It finally arrived. After 3½ years and becoming an American citizen, my big day was today.
I got to cast my first ballot in an American Presidential Election.
As we all know, the actual Election Day is not until November 6th, but today was the first day that you could apply to vote in the Advanced Polls in Georgia. Last election, I heard a great deal about long, long line-ups at the polls on Election Day. Now I understand why.
Firstly, I had to fill out an application to vote in advance. Once that was done, I had to show I.D. Yes, and praise the Lord, Georgia is a state – that somehow seems to have sneaked under the radar – that requires government-issued identification in order to vote. As it should be.
Getting American citizenship in order to vote was something that I knew was required, that I wanted to do and that cost me nearly $1,000. Happy to do it and proud to be an American. So I sure don’t want my cherished vote to be canceled out by a ne’er-do-well with a racial motive and his next-door-neighbor’s phone bill for ID, following the creed: vote early, vote often.
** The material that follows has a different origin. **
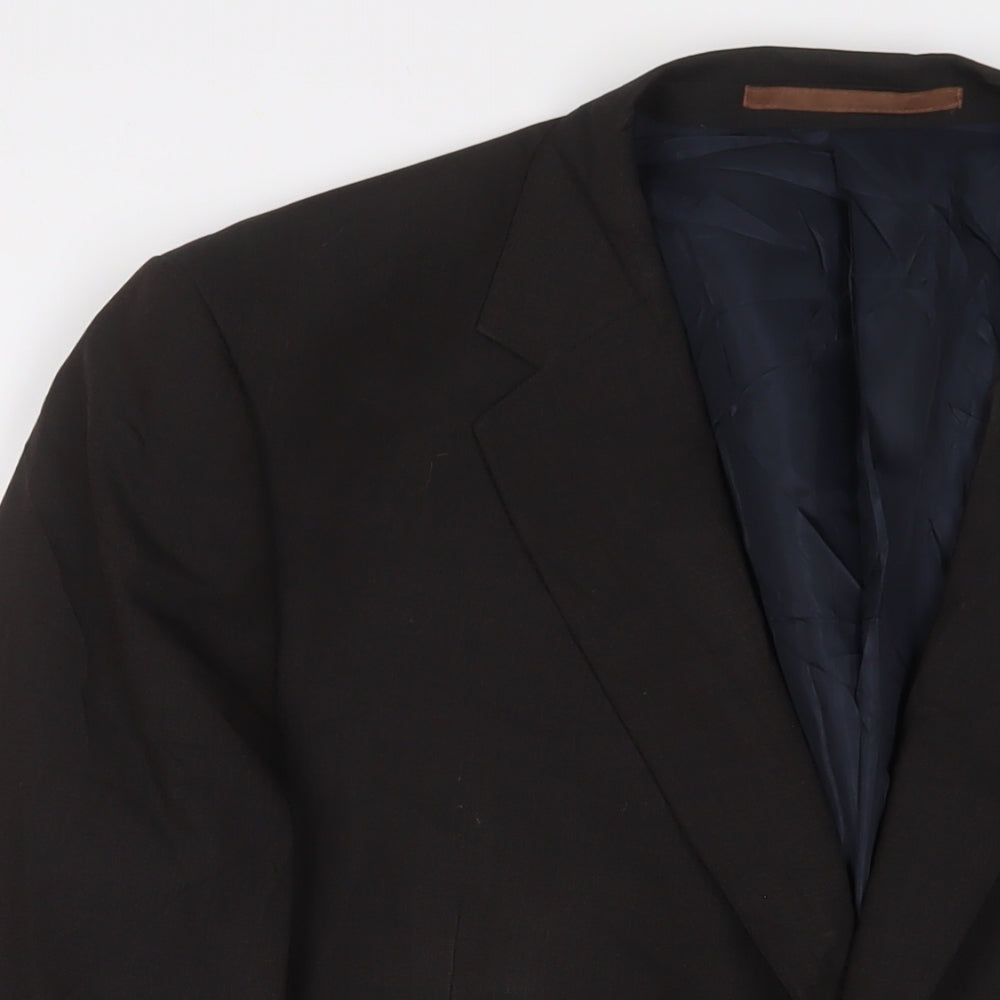 Marks and Spencer Mens Brown Wool Jacket Suit Jacket Size 46 Regular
Once the poll-worker confirmed my government-issued ID, I was asked to sit down and wait til my name was called. When it was, I was handed what looked like a credit card and pointed to a voting machine.
I put the credit card in the slot, activating the on-screen instructions then I went through the process of touching the screen against the candidate of my choice for President and then various other local seats for things like County Commissioner and if the Georgia Constitution should be altered to allow Charter Schools to be built upon county request. You get to confirm or change all your choices in a summary screen, then hit the button, “Cast Your Ballot”.
“Cast Your Ballot” for the President of the United States! Me!!
I handed back to the polling worker my ‘credit-card’ and took me an “I’m a Georgia voter” sticker.
So many people take this privilege for granted and will never understand what a thrill it is for an immigrant. I know that sounds hokey, but I’ve wanted to be an American since I was in my twenties.
Now after voting for my choice for President for this great country, I truly feel like one.